Elle achetait toujours les cadeaux de Noël, même les siens. Elle les choisissait avec beaucoup de goût et chaque année, son mari était surpris de ce qu’il lui offrait. Elle pensa, amusée, qu’il serait encore plus surpris le 25 décembre prochain : il lui offrirait un voyage au Cap Vert, mais sans lui.

PS : merci à M. B. pour le lien. 

29 novembre 2011

Le feu

Elle a mis le feu et  depuis elle se sent mieux. Tout le monde doit être mort mais ils l’ont bien cherché.  Pourtant ce n’est pas faute de les avoir avertis :  un jour je vous tuerai ! Leur avait-elle dit plus d’une fois.

Ils ne l’ont pas crue. Les parents pensent toujours qu’ils sont les plus forts. Elle sourit d’un air satisfait, comme si elle leur avait fait une bonne blague, mais derrière elle il ne reste rien. Elle ne se doutait pas qu’elle y aurait pris autant de plaisir ; la petite allumette et hop ! Son seul regret c’est le chien. Tant pis, l’imbécile n’a pas voulu la suivre. Maintenant ses parents ne sont plus qu’un mauvais souvenir à qui les flammes ont réglé leur compte.

Elle marche dans la forêt, les branches griffent son visage mais elle s’en fiche, elle est libre, libre, libre comme l’air. D’une main, elle tient le sac qu’elle a pris soin de  cacher au fond du jardin, la veille, et de l’autre, elle vérifie de temps à autre que son cher journal est toujours dans la poche droite de sa veste. Sur la première page elle a écrit il y a longtemps : « Un jour, je les tuerai. »

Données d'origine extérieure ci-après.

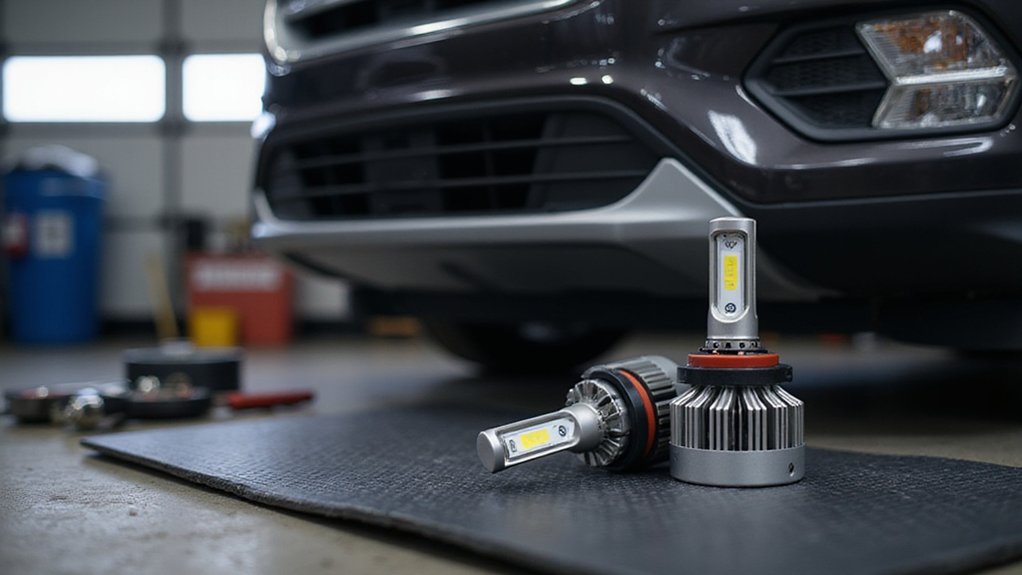 top 2018 ford escape bulbs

C’est fait, maintenant elle va enfin pouvoir continuer le journal de sa vie.

28 novembre 2011

L’erreur

Il avait traversé le miroir au mois de mai, sans  laisser de traces. Sa mère avait retrouvé le produit à vitres au pied du mur où le miroir était accroché. Avant de s’éclipser, son fils avait laissé une petite carte scotchée sur la bordure dorée. Elle avait lu :  


                              «  Je pars. Rien ne pourra jamais effacer l’erreur. »

27 novembre 2011

Les alexandrins

Elle faisait partie d’un atelier théâtre, un défi ; non pas à cause de son âge – elle avait 50 ans tout rond – mais à cause de sa difficulté à AR-TI-CU-LER. Quand elle avait demandé au professeur si elle pouvait dire des textes en alexandrins, celui-ci n’avait pas eu le courage de répondre par un simple non. Il s’en mordit les doigts. Pendant deux mois, tous les mardis soirs, elle déclama la même scène d’Iphigénie.

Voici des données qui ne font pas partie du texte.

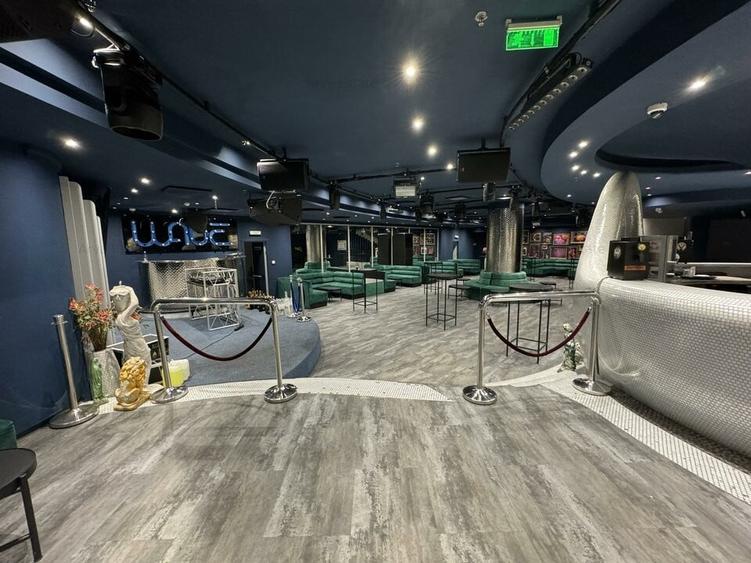 Vanzare Afacere la Cheie | Club de Noapte | Autorizat ISU | Herastrau 1150 MP - 1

A la fin du deuxième mois, le professeur se fit porter pâle. Il ne supportait plus ces alexandrins passés à la moulinette de ses mâchoires paresseuses :


Je ne m'en défends point : mes pleurs, belle Eriphile,
Ne tiendront pas longtemps contre les soins d'Achille ;
Sa gloire, son amour, mon père, mon devoir,
Lui donnent sur mon âme un trop juste pouvoir.
Mais de lui−même ici que faut−il que je pense ?
Cet amant, pour me voir brûlant d'impatience,
Que les Grecs de ces bords ne pouvaient arracher,
Qu'un père de si loin m'ordonne de chercher,
S'empresse−t−il assez pour jouir d'une vue
Qu'avec tant de transports je croyais attendue ? (…)

26 novembre 2011

Les bonnets

Elle venait d’être embauchée au rayon lingerie d’un magasin à l’enseigne encore peu connue, mais qui promettait de l’être, vu l’innovation dont il faisait preuve en matière de recrutement. Sur son CV, elle avait dû décliner, outre ses diplômes, la taille de ses bonnets. Le 95 E avait dû leur plaire car on l’avait embauchée sur le champ, malgré sa relative incompétence dans le domaine de la vente.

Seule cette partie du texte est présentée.